RAMALLAH, West Bank Palestinian terrorist Abu Nidal died in Baghdad with multiple gunshot wounds that left unclear whether he had been killed by a rival, slain by his Iraqi patrons or had taken his own life, Palestinian officials said Monday.
The schoolteacher-turned-terror- mastermind, once branded the world's most dangerous terrorist by the U.S. State Department, struck from Paris to Pakistan for more than two decades. His ruthless campaign targeted civilians and eliminated some of the closest associates of Palestinian leader Yasser Arafat.
His most notorious but not most lethal attacks were twin assaults Dec. 27, 1985, on the Israeli airline El Al's ticket counters at Rome and Vienna airports. Eighteen people were killed and 120 wounded.
Abu Nidal, 65, a renegade who opposed any negotiations with Israel, was found dead three days ago in his apartment in the Iraqi capital, said two senior Palestinian officials, speaking on condition of anonymity.
They said they believed Abu Nidal committed suicide but did not explain how he could have shot himself several times. The Al-Ayyam newspaper, close to the Palestinian Authority, reported Monday that Abu Nidal was found shot in the head in his apartment by Iraqi forces who had come to arrest him.
Another Palestinian official said he would not be surprised if a Palestinian had killed Abu Nidal in revenge for assassinations of senior PLO figures.
The shooting death left many questions unanswered. Abu Nidal had collected many enemies, but he had also been ill reportedly with heart disease and bone cancer and that may have led him to commit suicide.
In Baghdad, the deputy Palestinian ambassador, Nejah Abdul-Rahman, said he had no information regarding what he described as "rumors" of Abu Nidal's death.
The spokesman for Abu Nidal's group, Ghanem Saleh, speaking in Lebanon, said he heard the report in the news media and had no comment.
In the West Bank city of Nablus, Abu Nidal's brother said he had no information to indicate his brother had died in Baghdad but added that he had not heard from him in 38 years. Mohammed al-Banna, a fruit and vegetable merchant, told Associated Press Television News it was not the first time rumors have circulated concerning the death of his brother, whose real name was Sabri al-Banna.

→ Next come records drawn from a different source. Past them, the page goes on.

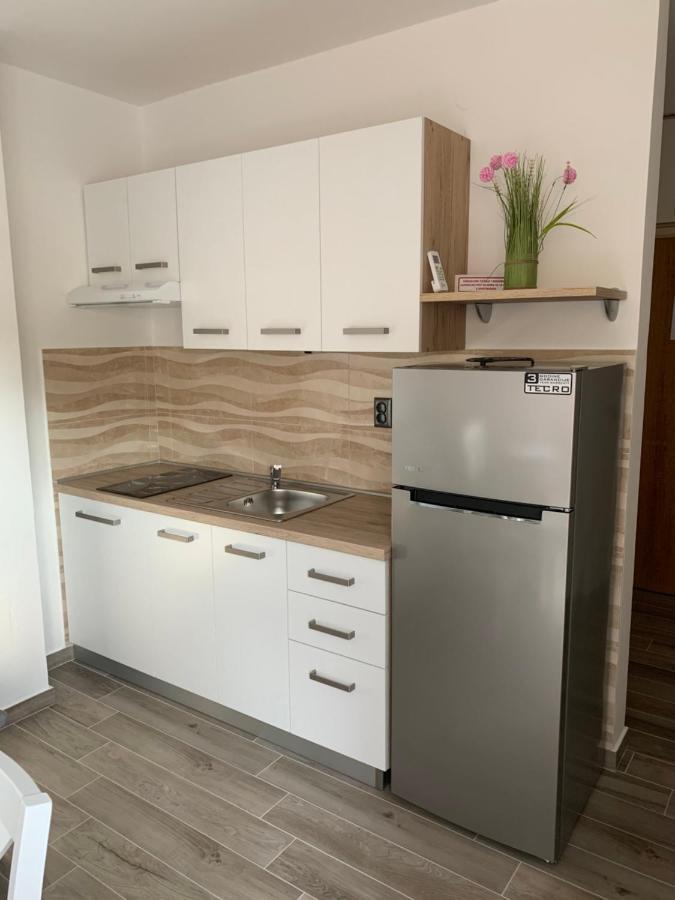 באסקה Apartments Vasilic מראה חיצוני תמונה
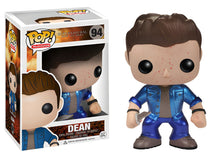Supernatural - Dean Bloodsplatter #94 Pop! Vinyl Figure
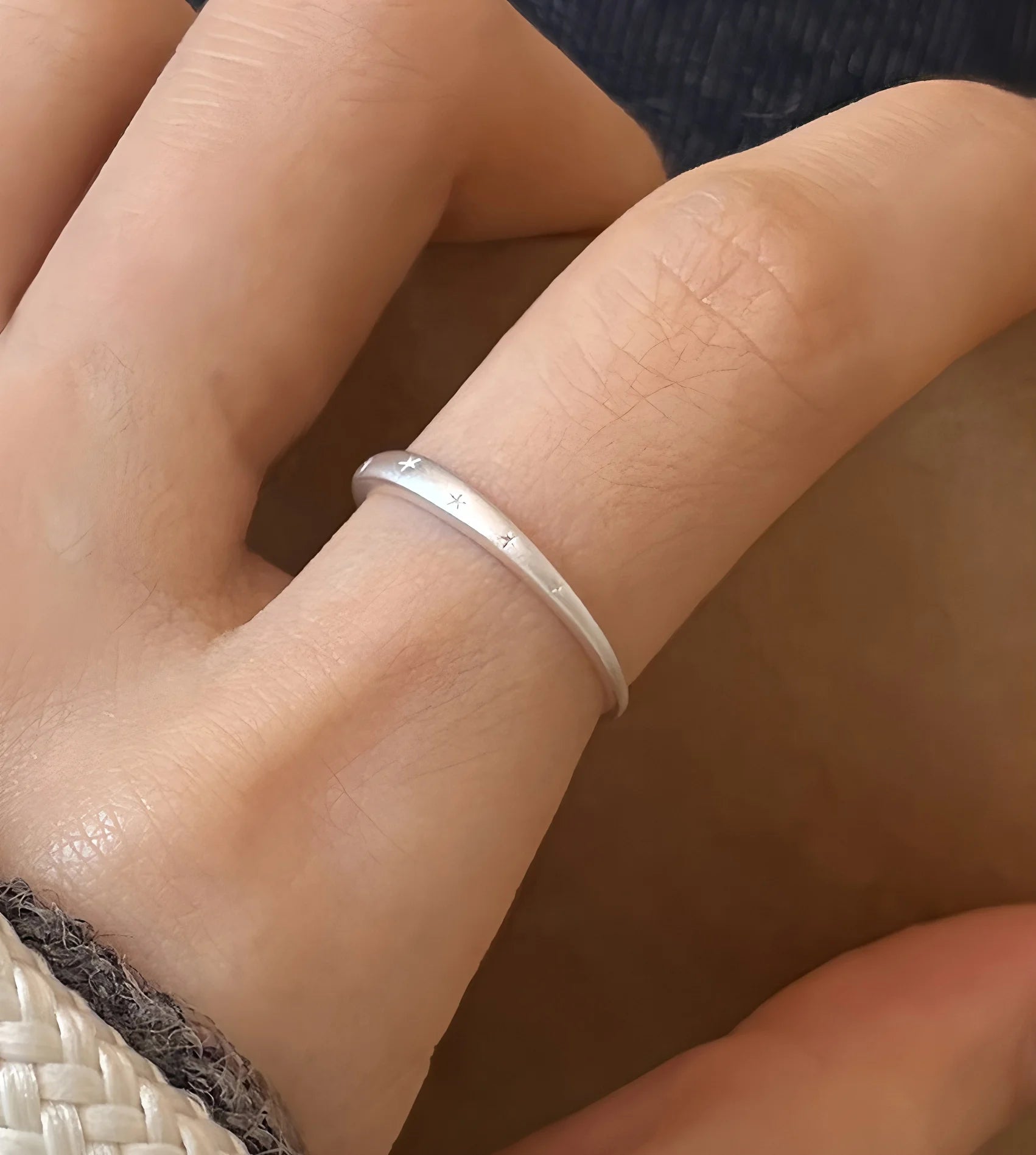 Elegant Personalized Open Design Jewelry for Women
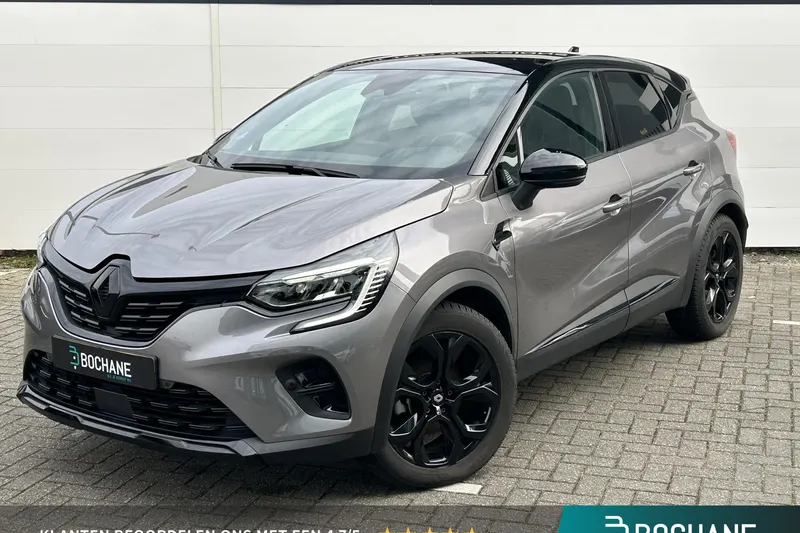 Renault Captur (2022)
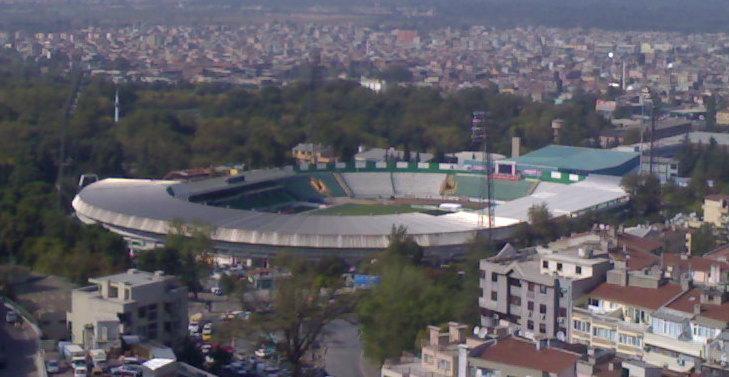 Bursa Ataturk Stadium
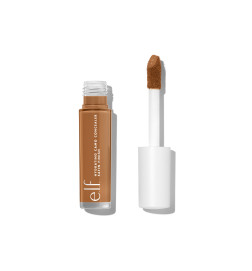 e.l.f Full-Coverage Hydrating Cream Concealer (CORRECTOR) - Deep Caramel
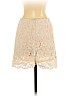 Ark & Co. 100% Polyester Ivory Casual Skirt Size S - photo 2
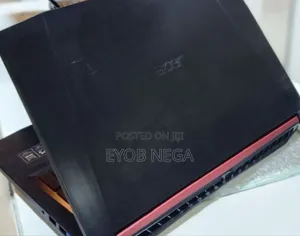 Photo - New Laptop Acer Nitro 5 8GB Intel Core I7 HDD+SSD 1.5T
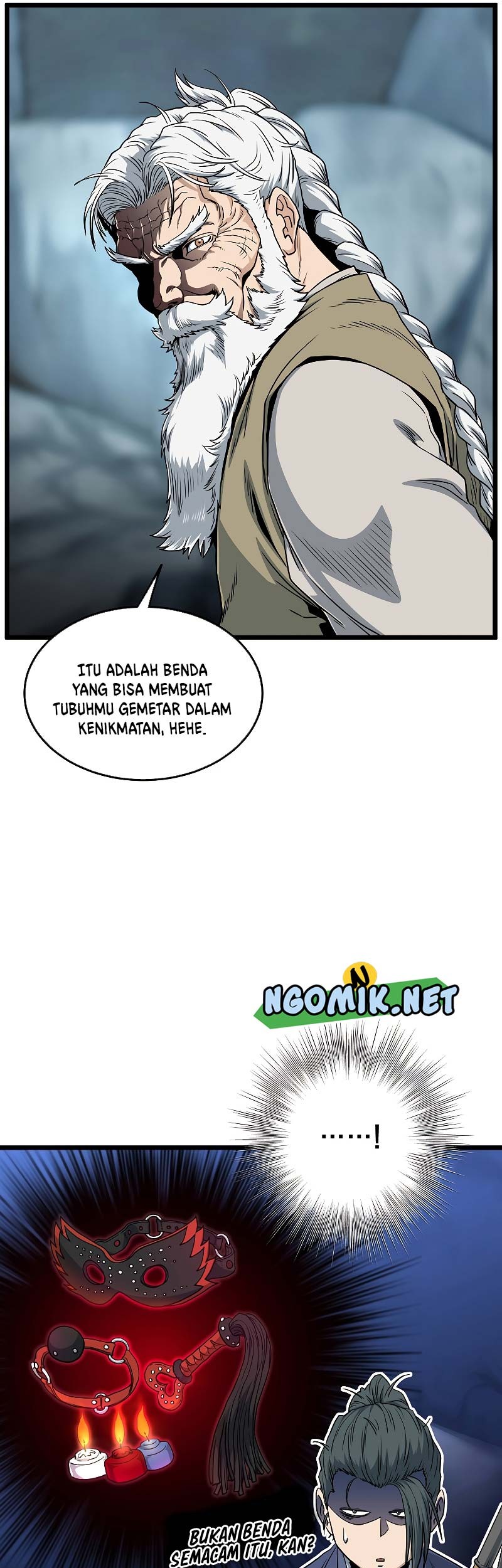 Murim Login Chapter 133 Gambar 20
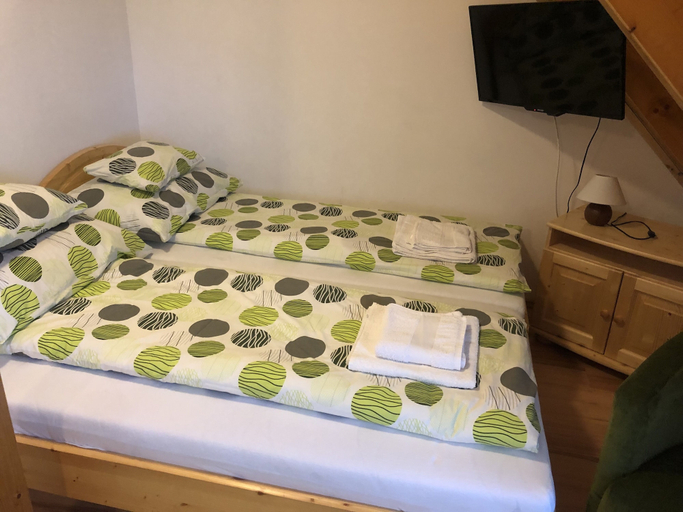 Bedroom 2, Antal-tavi Fogadó és Horgászparadicsom, Szentes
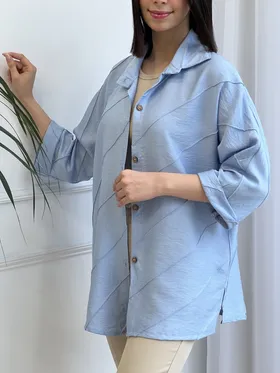 تونیک رگه دوزی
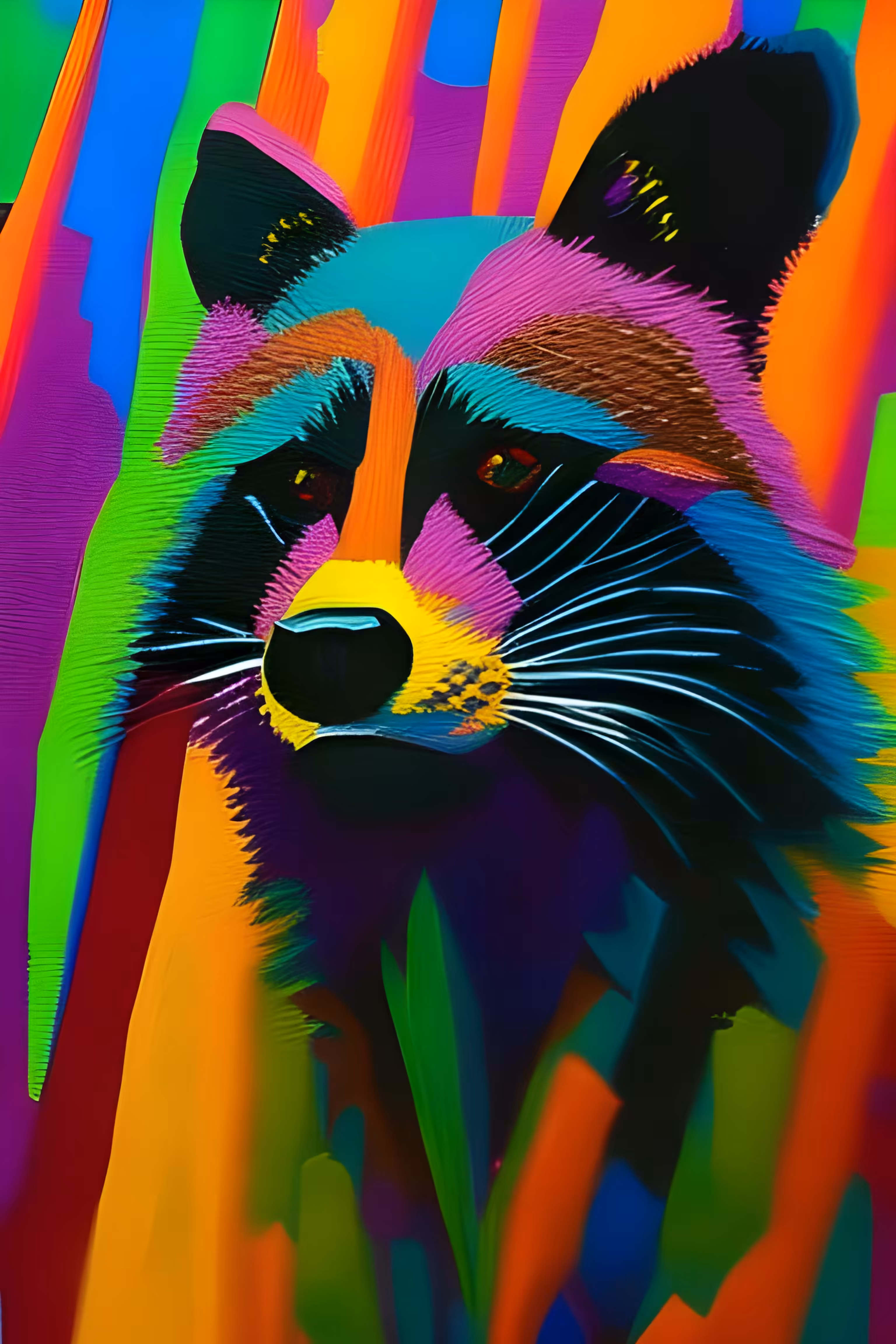 Racoon 2K23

The U.S. State Department once termed Abu Nidal's group "the most dangerous terrorist organization in existence." But Jordanian political analyst Bilal al-Tal said Monday that Abu Nidal's "influence had diminished" in recent years. Since 1995 he had confined himself to Baghdad with a few close men.
The Israeli Foreign Ministry refused comment on reports of Abu Nidal's death, saying it was an internal Palestinian matter.
In Washington, State Department spokesman Philip Reeker said the Bush administration had no comment, but called Abu Nidal "a craven and despicable terrorist" and said "the world would be a better place without people like Abu Nidal."
Reports of Abu Nidal's death come at a time that the Bush administration is considering military action to topple Iraqi leader Saddam Hussein, who has been accused of sheltering terrorists.
Although Abu Nidal began his activities in the Palestine Liberation Organization, he split from the group in the mid-1970s, protesting that Arafat had not taken a radical enough line against Israel. Abu Nidal then focused on Arafat, killing many of his confidants.
The radical faction that Abu Nidal formed which went by the name Fatah-Revolutionary Council killed at least 275 people and wounded hundreds more in dozens of attacks.